Loan Limits are not a Loan Cap!
Don’t worry if you find the loan limits associated with the VA provisions confusing; even mortgage professionals don’t always fully understand the ins and outs of the program. As such, you may come across a lot of misinformation and misunderstanding, particularly on the Internet.
A very common misunderstanding is that a VA loan limit is the total amount of money you are allowed to take out as a loan. This is not true; there is no upper limit to a VA loan. You can normally take a loan for the maximum your lender is prepared to loan you; this will depend on your property value, the amount of deposit you have, and what level of repayment you can keep up.
The loan limit simply represents the amount that a qualifying serviceman or woman or veteran can borrow without having to make any down payment. For those who qualify, the VA program has two levels of loan entitlement. In most areas, the first level is $36,000 with the second level being $77,275, making a total of $113,275. As the VA acts as guarantor for 25% of the loan, qualifying personnel in most areas can buy properties with loans of up to $453,100 ($113,275 x 4) without having to think about down payments.
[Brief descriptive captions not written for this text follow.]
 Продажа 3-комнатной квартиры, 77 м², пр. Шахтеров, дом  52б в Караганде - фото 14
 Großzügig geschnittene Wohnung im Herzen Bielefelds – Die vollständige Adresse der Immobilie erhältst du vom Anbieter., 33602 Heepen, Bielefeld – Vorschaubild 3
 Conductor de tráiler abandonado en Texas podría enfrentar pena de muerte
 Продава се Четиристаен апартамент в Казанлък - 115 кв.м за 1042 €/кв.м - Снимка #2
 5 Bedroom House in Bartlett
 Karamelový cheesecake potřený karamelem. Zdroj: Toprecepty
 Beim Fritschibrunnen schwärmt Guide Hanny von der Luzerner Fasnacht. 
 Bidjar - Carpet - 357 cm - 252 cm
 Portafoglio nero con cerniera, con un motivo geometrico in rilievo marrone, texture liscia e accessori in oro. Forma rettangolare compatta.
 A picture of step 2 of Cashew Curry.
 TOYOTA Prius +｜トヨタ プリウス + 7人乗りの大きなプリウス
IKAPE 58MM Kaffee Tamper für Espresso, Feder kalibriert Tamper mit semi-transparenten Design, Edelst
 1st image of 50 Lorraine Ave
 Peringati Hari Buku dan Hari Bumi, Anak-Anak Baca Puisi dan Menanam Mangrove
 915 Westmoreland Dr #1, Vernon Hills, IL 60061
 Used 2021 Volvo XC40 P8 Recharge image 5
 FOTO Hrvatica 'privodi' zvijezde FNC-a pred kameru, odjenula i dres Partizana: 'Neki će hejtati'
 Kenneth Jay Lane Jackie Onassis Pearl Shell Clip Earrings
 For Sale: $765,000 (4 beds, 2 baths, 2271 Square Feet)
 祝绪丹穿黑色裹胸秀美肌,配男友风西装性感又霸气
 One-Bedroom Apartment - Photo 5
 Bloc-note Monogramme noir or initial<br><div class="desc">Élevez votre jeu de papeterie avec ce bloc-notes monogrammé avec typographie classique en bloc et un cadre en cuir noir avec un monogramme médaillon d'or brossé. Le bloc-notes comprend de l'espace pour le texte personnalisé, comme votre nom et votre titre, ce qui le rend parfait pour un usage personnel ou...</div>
This represents a substantial loan, considering no down payments are required. However, real estate is so expensive in some parts of the USA that it still might not be enough to buy the home you need. Because of this, the VA loan limits are higher in more expensive counties, meaning the amount you can borrow without having to make a down payment is higher.
Loan Limits 2018
At present, the most you can borrow without making a down payment is $721,050 in Honolulu County, Hawaii, and $679,650 on the continental US. If you are looking to purchase in one of the high-cost areas, you will have a larger VA loan entitlement. Where normally a VA borrower will have an entitlement of $113,275 (25% of $453,100), in Honolulu County, the borrower will have an entitlement of $180,262 (25% of $721,050). If you’re looking to take out a second loan with the VA, either for a second property or because of foreclosure, this extra entitlement can be a massive plus.
You won’t usually be asked to make a down payment for a VA loan unless the loan amount is higher than the limit for your county. If it is, you must make a down payment of at least 25% of the differential between the loan limit and the price of your property.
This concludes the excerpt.